Christian credits IMETCO with excellent technical support, especially in the area of shop drawings. He says, “I haven’t done a shop drawing in over two years.” That may not seem like a big deal, but when you have made the decision to run a lean, simple shop, things like shop drawings tend to come home with the boss and get taken care of during time that is better spent with family. Christian has a special appreciation for this service for that very reason.
Christian also credits the local IMETCO sales representative, Kim Miller of Southern Roof Center, with having the ability to quickly come up with solutions and answers. According to Christian, Miller has relationships with all of the “old-line” architects in the local market, and most of the younger ones. To Christian, this means fast answers to questions that could otherwise stall jobs or even shut them down altogether.
A Few Not-so-simple JobsAsked about any significant jobs, Christian responds, “We… try to take pride in every job.” Jobs that involve tapered panels typically take the kind of dedication to detail on which outfits like East Coast Systems can really shine.
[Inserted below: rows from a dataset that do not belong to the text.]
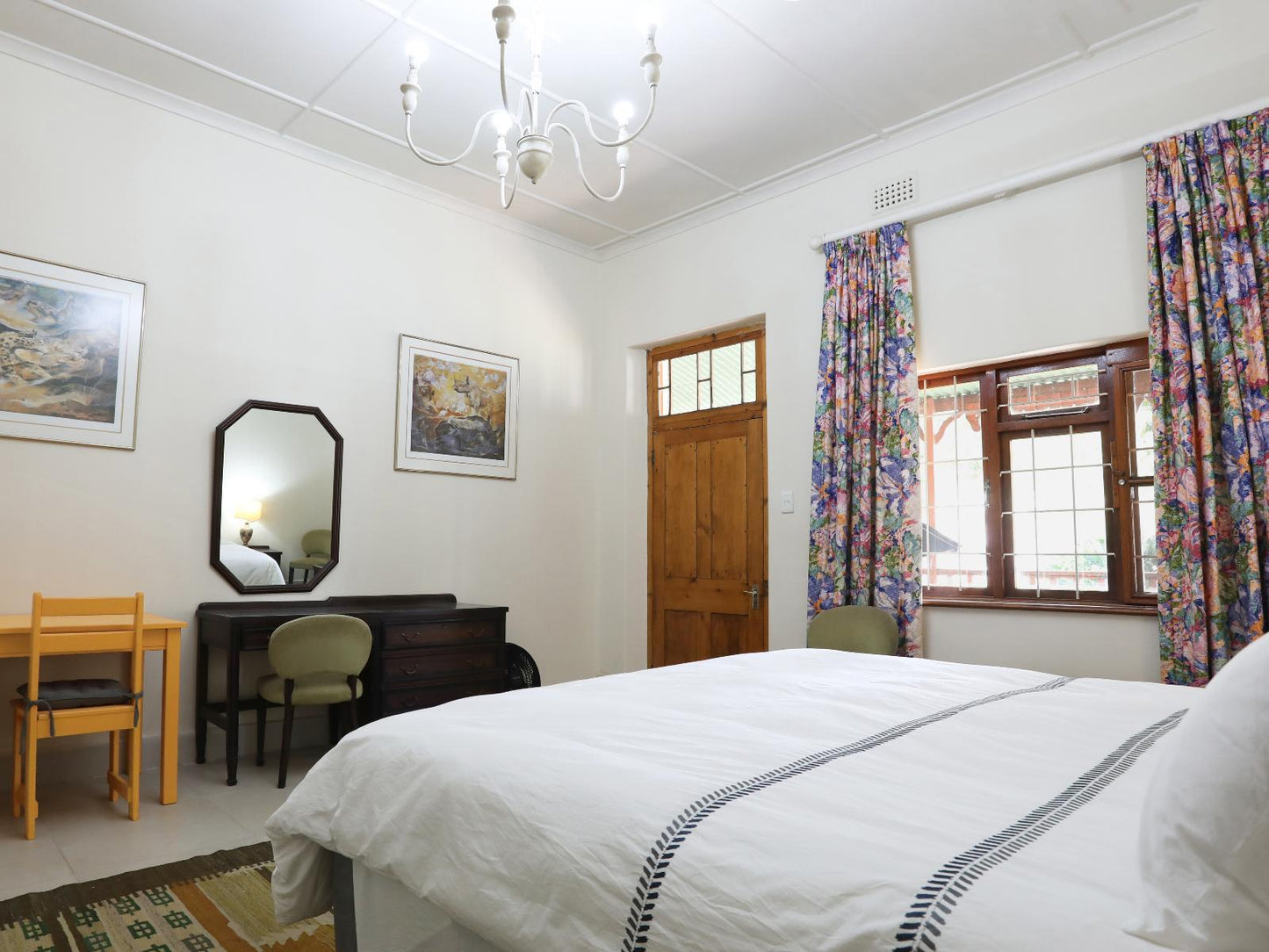 King Bed - Wheelchair friendly @ Green Olive Guesthouse
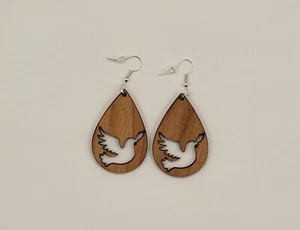 Peace Dove Laser Cut Ohrringe aus Erlenholz, Hakenstil, satiniert - Bild 1 von 1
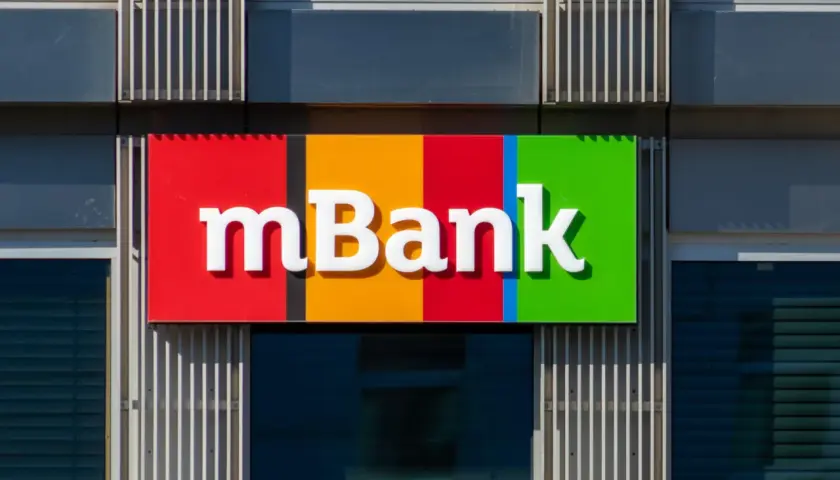 Ile można wypłacić blikiem w mBank? Limity i opłaty, które musisz znać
While traveling with Frank, Roofing Contractor was treated to a look at several examples of work that we would hardly describe as “simple.”
A good example of this is the flat-lock copper roofing and siding on an office building for architect Ted Pappas. The building, part of a broad reconstruction and revitalization project in an area known as “LaVilla” near downtown Jacksonville, is a designer’s dream and a contractor’s nightmare. The job could only have been completed by artisans with a true dedication to detail. The compound angles and curves in a locking system had to be made and installed virtually one at a time.
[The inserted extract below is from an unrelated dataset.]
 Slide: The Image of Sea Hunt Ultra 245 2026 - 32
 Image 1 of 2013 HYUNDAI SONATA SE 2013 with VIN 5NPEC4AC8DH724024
At the End of the DayThe best thing about East Coast Systems? Christian says it is the people who are both the best thing and the biggest challenge. He is proud of the group of individuals who make up his staff. He says East Coast Systems runs as well as it does in a large part because of the work of this team, but he wishes it were easier to add to their number. Echoing the sentiment of contractors everywhere, Christian says, “The help … situation is horrible.” This is one area where competing with the larger companies can be difficult. Offering a broad benefits package is difficult and expensive. Christian has successfully employed an employee-leasing firm for the past three years and sees no reason to return to the old way of doing business.
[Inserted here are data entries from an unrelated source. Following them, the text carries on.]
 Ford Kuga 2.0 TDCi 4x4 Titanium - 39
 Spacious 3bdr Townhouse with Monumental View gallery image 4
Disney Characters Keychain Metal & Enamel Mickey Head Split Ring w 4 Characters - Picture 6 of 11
As for what Christian looks for in people, “I try to keep everybody easygoing … don’ t like foremen who throw their weight around.” This philosophy would seem to work out very well. Keeping people of a like mind makes for a staff that works together better.
For the future, Christian is satisfied to keep it simple. He is in the midst of a move to another city as most of his work has moved to the west and south. He has an eye on his bottom line which, like many businesses, has been battered over the past year. Simple, yes, but change remains part of the equation.
Christian has found success in metal roofing because he likes his job. He says, “When you ride around and look up at buildings … when you drive down the road and see a metal roof (you did), that’s something to be proud of.” Way back when his job was underground or paving level that wasn’t the case. A humble man with a simple vision, he says, “I know when I do good … I can sleep at night.” And, “(I) give God all the credit.”
The model Christian has built may not be for everyone, but it certainly works for him. Hard work and dedication to details and a simple game plan can work in this business. And on top of that you get people talking about you. People like Kim Miller, who says, “I am glad to work with him … (he is) a pleasure to do business with.”